With a brief, almost abbreviated curtsy, she turned and swept from the room before he could offer a single word of protest or unwanted sympathy, leaving him alone with the chaos of his library.
Later that afternoon, as the sun began its slow descent, Elizabeth sat by her window and stared absently outside. Sarah had tried, with gentle persistence, to coax her into taking some tea, some light refreshment, but Elizabeth had waved her away, needing only to be alone with her memories.

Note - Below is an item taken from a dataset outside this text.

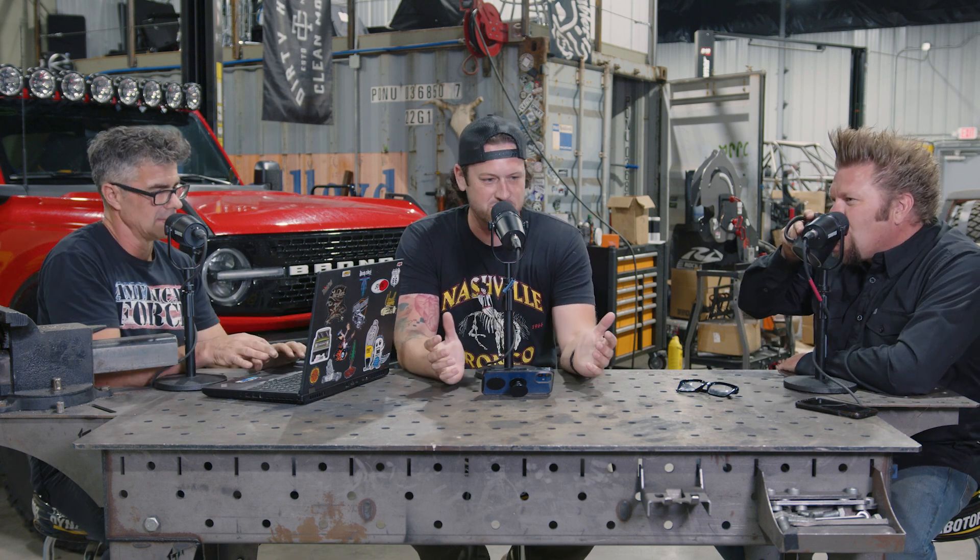A couple of things that we do on the Broncast: we kind of just catch up and talk through what we've been working on throughout the week. Ian, Donnie, what have you guys been working on this week? So this week we just finished — we're about halfway through filming Four-Wheeler for Motor Trend. Last week we finished filming that.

Her mind drifted back to a time when she was younger, a magically precocious girl of seven, her own unique magic just beginning to awaken within her. She remembered the yearning she had felt then to understand it, to make it hers. She had devoured a few, simple, magical texts her father possessed,practising in the locked solitude of her room, trying, with a child’s unwavering faith, to coax a spark from an unwilling candle, to make a feather dance on the wind, just as Darcy had so recently demanded.
There had been incidents, of course. Small, mostly harmless, often comical. A sudden, entirely localised, and rather drenching downpour inside the Longbourn drawing room during one of her mother’s particularly trying afternoon tea parties. The memorable time when all the apples on their oldest apple tree had ripened, detached themselves, and fallen simultaneously, with a series of loud thuds.